By Alec Anderson, P.E., Regional Sales Manager, Tensar International Corp.
When soft soils are encountered on a jobsite, many contractors automatically turn to the same solutions they’ve always used. However, their go-to method may not be the cheapest or fastest and could cost them more in material costs or lost time on the jobsite. Take for example this recent project in Seattle, Wash.
A contractor was building an access road over historic marshland when the crew encountered a high water table and 10–15 feet (3.0–4.6 m) of soft soils. The original solution to stabilize the subgrade used a nonwoven geotextile and 2–3 feet (0.6–0.9 m) of rock. But the roads quickly rutted and became unserviceable for dump trucks. Time was of the essence since the access road was critical for transporting a necessary drill rig. Lost productivity was the last thing they needed.

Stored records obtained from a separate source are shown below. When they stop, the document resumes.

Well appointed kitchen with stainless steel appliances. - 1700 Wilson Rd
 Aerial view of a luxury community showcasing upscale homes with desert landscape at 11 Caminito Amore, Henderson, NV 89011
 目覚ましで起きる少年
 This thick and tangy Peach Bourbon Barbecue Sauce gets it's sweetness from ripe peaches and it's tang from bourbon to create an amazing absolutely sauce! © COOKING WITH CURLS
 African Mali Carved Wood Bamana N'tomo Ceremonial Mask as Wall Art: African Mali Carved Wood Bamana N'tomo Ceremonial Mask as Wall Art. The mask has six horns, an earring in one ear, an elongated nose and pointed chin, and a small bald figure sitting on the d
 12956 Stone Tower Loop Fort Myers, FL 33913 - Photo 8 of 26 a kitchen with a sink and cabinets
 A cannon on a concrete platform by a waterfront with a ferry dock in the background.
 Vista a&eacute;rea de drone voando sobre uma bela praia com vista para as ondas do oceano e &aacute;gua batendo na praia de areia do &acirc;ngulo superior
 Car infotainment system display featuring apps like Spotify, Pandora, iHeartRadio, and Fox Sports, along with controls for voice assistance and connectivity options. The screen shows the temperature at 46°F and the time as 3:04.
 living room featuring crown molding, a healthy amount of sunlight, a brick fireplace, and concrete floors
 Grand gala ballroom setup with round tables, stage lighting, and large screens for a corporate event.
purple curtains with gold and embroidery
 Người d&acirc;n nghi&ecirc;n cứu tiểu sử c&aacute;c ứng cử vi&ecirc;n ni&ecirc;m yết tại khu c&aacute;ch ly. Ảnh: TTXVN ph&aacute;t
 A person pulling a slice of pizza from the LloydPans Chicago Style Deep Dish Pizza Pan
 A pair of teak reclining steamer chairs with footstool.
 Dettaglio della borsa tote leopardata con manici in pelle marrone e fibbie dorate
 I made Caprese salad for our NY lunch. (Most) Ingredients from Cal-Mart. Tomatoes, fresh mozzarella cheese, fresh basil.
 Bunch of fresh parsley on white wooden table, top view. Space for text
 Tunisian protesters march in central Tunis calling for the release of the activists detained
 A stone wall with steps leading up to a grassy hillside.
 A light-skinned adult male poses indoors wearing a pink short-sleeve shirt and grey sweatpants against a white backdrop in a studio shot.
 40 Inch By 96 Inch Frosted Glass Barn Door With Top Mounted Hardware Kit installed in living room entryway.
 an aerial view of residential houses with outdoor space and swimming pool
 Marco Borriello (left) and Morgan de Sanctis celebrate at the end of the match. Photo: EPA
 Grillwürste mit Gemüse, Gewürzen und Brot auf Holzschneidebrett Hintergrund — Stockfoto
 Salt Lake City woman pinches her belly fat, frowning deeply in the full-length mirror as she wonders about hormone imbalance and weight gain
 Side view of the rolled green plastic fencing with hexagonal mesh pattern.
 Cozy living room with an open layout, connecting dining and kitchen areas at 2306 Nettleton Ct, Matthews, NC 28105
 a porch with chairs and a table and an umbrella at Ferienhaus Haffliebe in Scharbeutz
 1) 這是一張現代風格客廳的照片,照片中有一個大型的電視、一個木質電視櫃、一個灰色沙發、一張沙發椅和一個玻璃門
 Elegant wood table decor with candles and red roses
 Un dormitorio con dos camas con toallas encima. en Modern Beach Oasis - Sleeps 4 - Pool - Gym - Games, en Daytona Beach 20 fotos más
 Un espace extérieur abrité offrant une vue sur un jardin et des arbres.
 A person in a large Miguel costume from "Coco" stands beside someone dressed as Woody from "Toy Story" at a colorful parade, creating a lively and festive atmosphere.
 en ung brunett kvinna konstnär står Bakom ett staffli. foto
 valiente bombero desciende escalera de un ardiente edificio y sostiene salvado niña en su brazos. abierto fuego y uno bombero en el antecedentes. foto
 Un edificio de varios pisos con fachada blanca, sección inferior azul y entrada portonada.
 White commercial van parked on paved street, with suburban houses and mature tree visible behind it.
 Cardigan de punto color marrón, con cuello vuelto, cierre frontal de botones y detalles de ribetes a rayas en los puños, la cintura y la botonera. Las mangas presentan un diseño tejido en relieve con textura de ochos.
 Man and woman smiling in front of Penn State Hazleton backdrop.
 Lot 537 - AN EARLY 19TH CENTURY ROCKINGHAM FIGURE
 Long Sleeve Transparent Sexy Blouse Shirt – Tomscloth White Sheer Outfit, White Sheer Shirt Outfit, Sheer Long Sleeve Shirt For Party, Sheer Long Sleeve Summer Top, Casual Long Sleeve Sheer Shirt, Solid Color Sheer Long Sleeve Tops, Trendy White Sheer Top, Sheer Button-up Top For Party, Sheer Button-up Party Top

Many assume that geotextiles are a great solution to stop rutting because they equate high tensile strength with better in-ground performance. However, when it comes to soil stabilization, meaning the ground will endure intermittent loads applied from above (like heavy dump trucks), tensile strength won’t get you very far. It has been widely documented that the ability to confine granular fill materials is the key to higer performance.
The contractor contacted Tensar International Corp., which offered a soil stabilization option using geogrid. A stabilization geogrid has apertures (openings) that allow granular materials to interlock. This interlock confines the granular particles to keep them from spreading laterally when loads are applied from above. Therefore, a stabilization geogrid is recommended for applications such as roadways; a stiffer stabilized layer resists rutting and improves bearing capacity. A geotextile can’t provide the necessary interlock, which is why performance suffers.
The geogrid’s design not only reduced the required aggregate thickness but also allowed the use of 0.75-inch (19-mm) aggregate instead of the expensive ballast rock needed with geotextiles.